For Hindus, enlightenment can be conveyed by seeing a great master or by seeing the divine in a person. It's called, apparently, and not in Roman letters, darśana. And these two experiences helped make sense of it for me. I was oddly grateful to see Leonard Cohen, and his image on stage has taught me something about how one holds oneself when one is a pilgrim but finds oneself in the black Italian suit of a cabaret singer. And how one holds oneself when one is a sensualist whose body is aging and failing. Stretch, bend, invite the body to continue finding postures for the eternally youthful, eternally restless soul--these postures must change as the body changes, they will be abbreviated, more cautious, but they can work just as well as the postures of the young body, confounded as it is with so much energy and so little decisiveness or knowledge or stillness.

And then this past Sunday I got to see Levon Helm.
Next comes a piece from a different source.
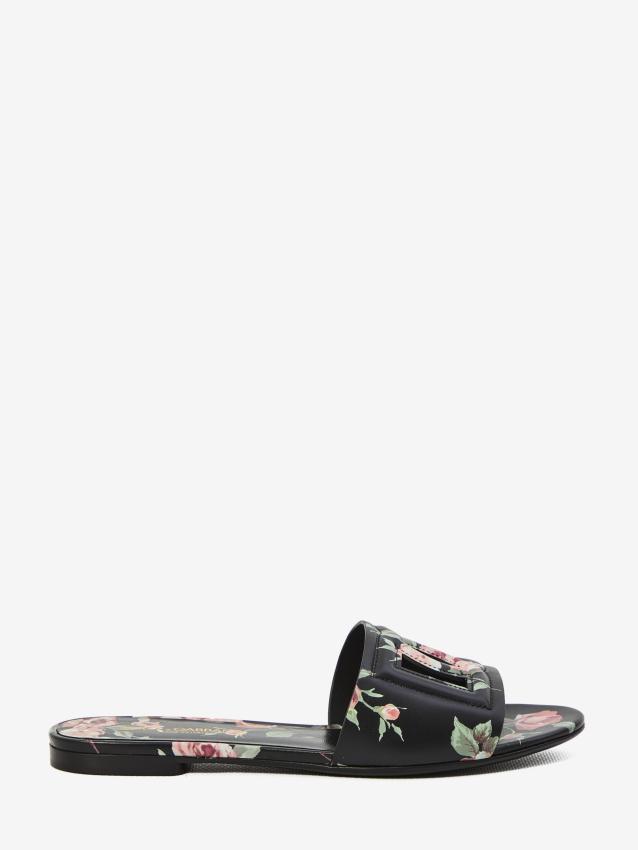 DOLCE&GABBANA - Ciabatte beachwear floreali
He came on stage with a young forty-year-old's thick head of white hair but the stooped shoulders and wiry, slightly bandy-legged gait of a much older man than I'd expected to see. His singing voice is strained and scraped but normally very strong, or at least very determined. He sat at the drums, suddenly full of strength and succinct skill, counted off the 9-piece band and lit into "Tennessee Jed". Only after Helm had pounded away at four songs did the guitarist, Larry Campbell, who had been singing lead so far, allow as how we would have noticed that "Levon hasn't been doing much singing today." None, in fact. There was no vocal mic anywhere near him, because his doctor had forbidden him from singing. Helm didn't even talk in the course of the show, including at the end when he walked back and forth at the front of the stage touching the hands of maybe a hundred people in turn, while his bandmates and the stage hands looked on, seeming puzzled and maybe a bit put out. Everybody wanted to touch him. All the younger performers mentioned him as they played their sets. We all felt the significance of being near him.
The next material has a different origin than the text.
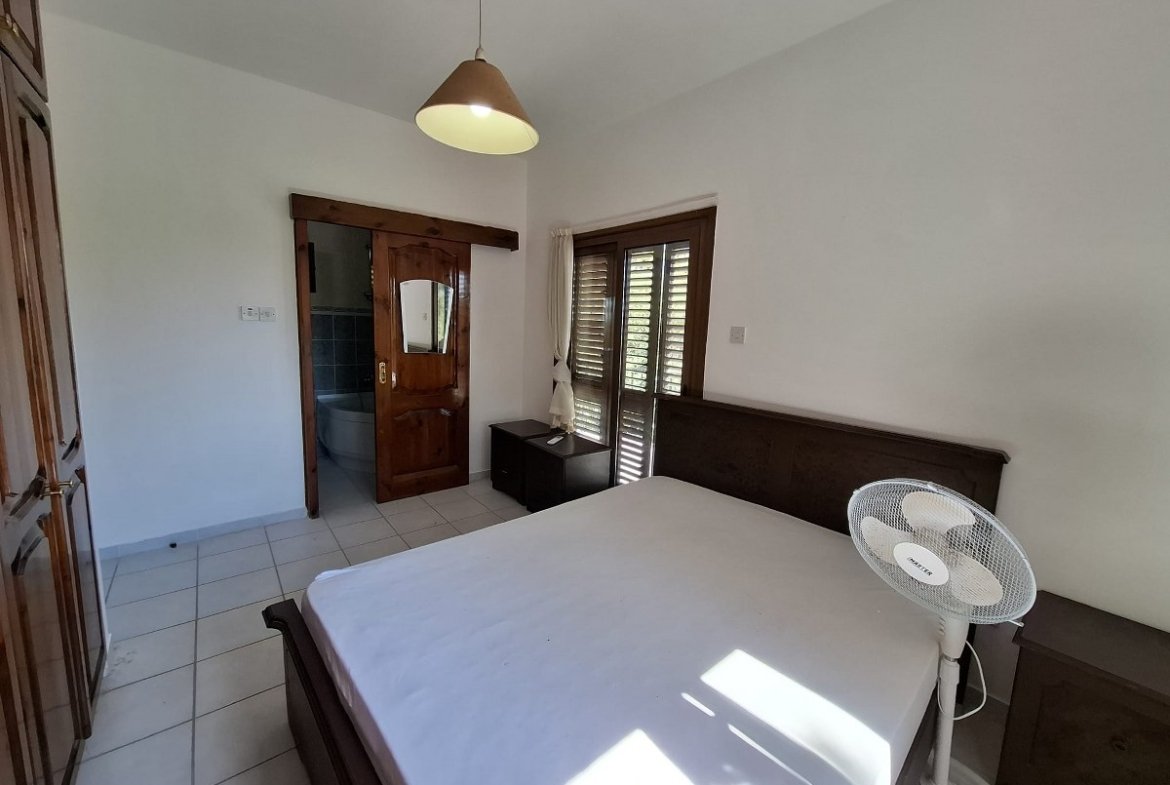 3 Bedroom Villa For Rent With A Stunning Collection Of Antique And Authentic Cypriot Furniture needs to be seen to be appreciated. Location: Alsancak, Girne. (Don’t pass this one by- reduced price!)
And at the end of the show nobody seemed bothered that he hadn't sung. We had gotten to watch him, his obvious physical pleasure as his wonderful band played these songs that are his but also belong already to the American tradition. The songs and the feel of his drumming under his voice are all now a part of the lineage, they are more than just a man or the work or the voice of a man. If someone is playing "The Weight" in the next room, you can feel
Levon Helm's presence coming through the wall to you--that restless sweet talk on the snare as his drums leave space for the chorus to catch up to the beat. It's what Frost said about how the "sound of sense" of a well-formed sentence can be heard just as clearly from the next room. I mainly felt grateful to be in his presence. And his presence is actually more proof than I needed of his existence. The sight of him showed me that I already knew him quite well. I can feel his existence every time I cop the descending baseline, the one that weaves hillbilly-wise down to the truth of the chorus, and that I recently took my turn stealing from him. Twice; in two recent songs. Thanks for giving me something to steal--honorably and goddamn well for good--from you, Master.

I'm taking both your waltzes, and I hope that someone will take them from me.

Monday, August 10, 2009

To One's Self

Dear Self,
I was going to say that I know what you must be thinking but that really isn't true. I don't know how you view my pattern of bragging and mythologizing and then, for long periods, ignoring you. I really couldn't say if I've ever seen you clearly. I don't know what kind of attention and support you might need. Would you be just as happy to live in complete obscurity? Do you have ambitions? Are you lonely?Is there something that you need?

I've mainly seen you as a fire, sometimes as a useful fire, often as a dangerous or perplexing fire. I get very frustrated with you because just when it seems pretty clearly like the main thing is to control your hunger for everything, you get very dim and I worry that there isn't enough energy in you to keep me alive. Which is it? Or do I have this whole image wrong? I thought you were supposed to serve me; I guess I thought you were me. So what are you?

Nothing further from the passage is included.